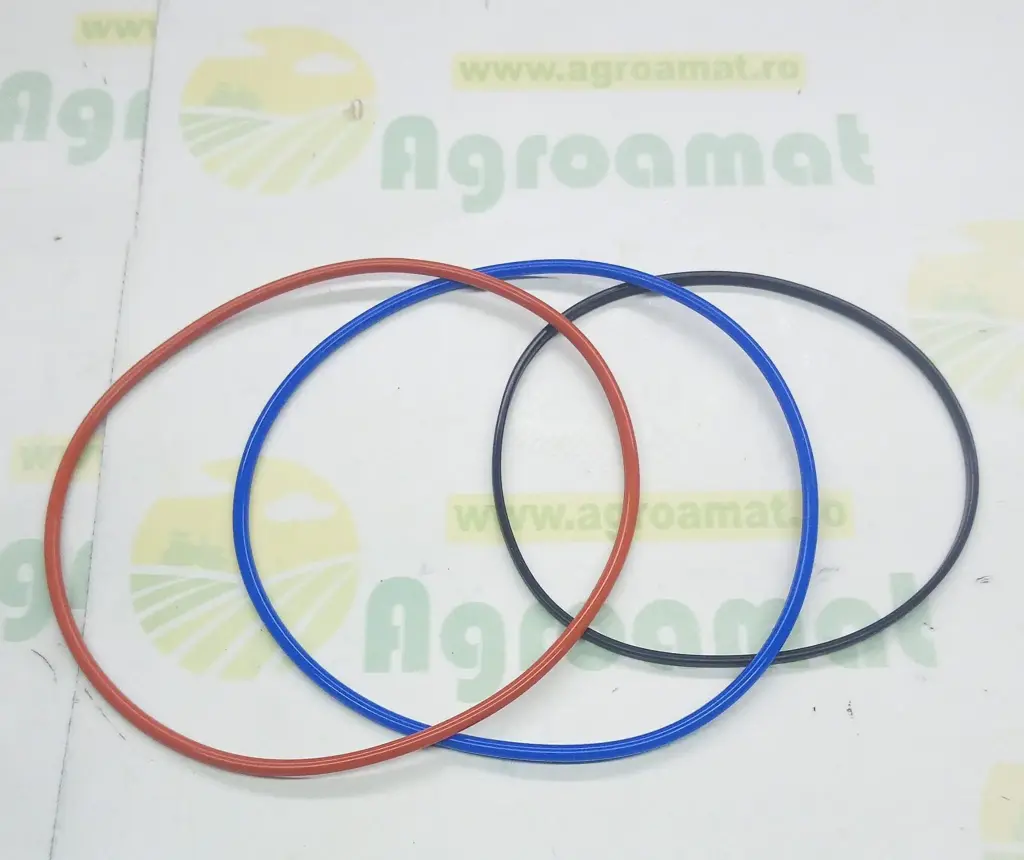 [AMAT1-93187] Kit reparatie inele RE541037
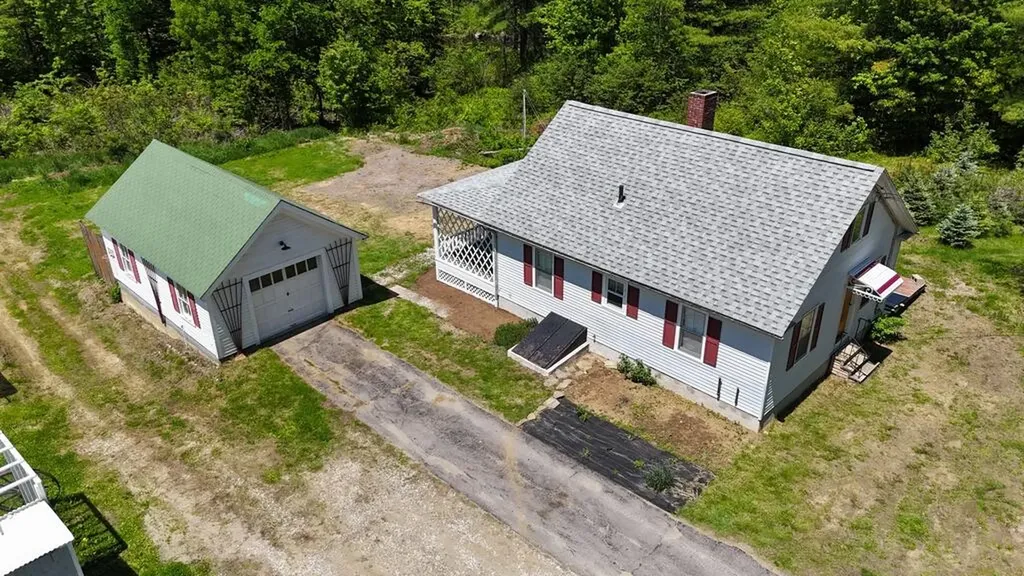 508 Pope Road Chesterville ME 04938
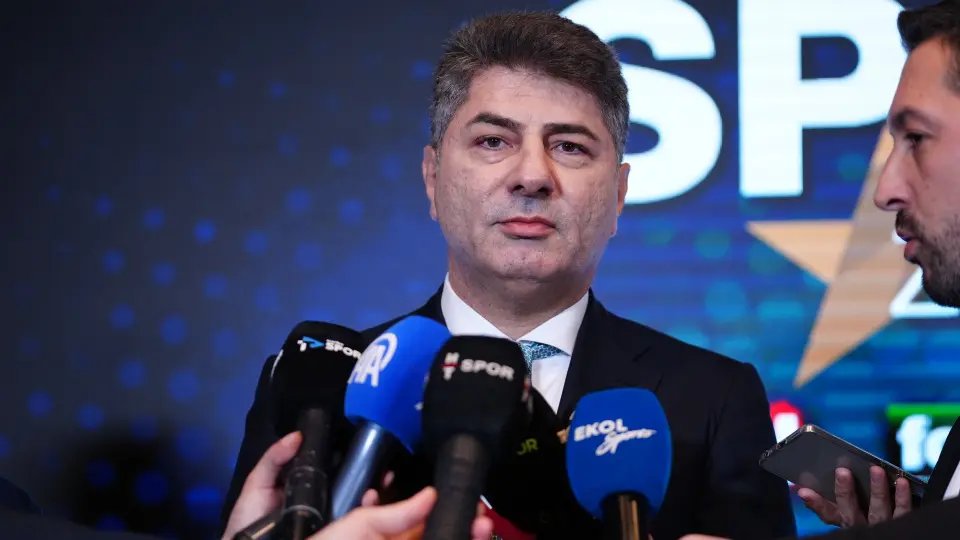 Fener Markaj tweet media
---*---
- PROBLEM TO SOLVE
Transcribe the whole listing, character for character, but not its images.

- YOUR SOLUTION
 [AMAT1-93187] Kit reparatie inele RE541037
 508 Pope Road Chesterville ME 04938
 Fener Markaj tweet media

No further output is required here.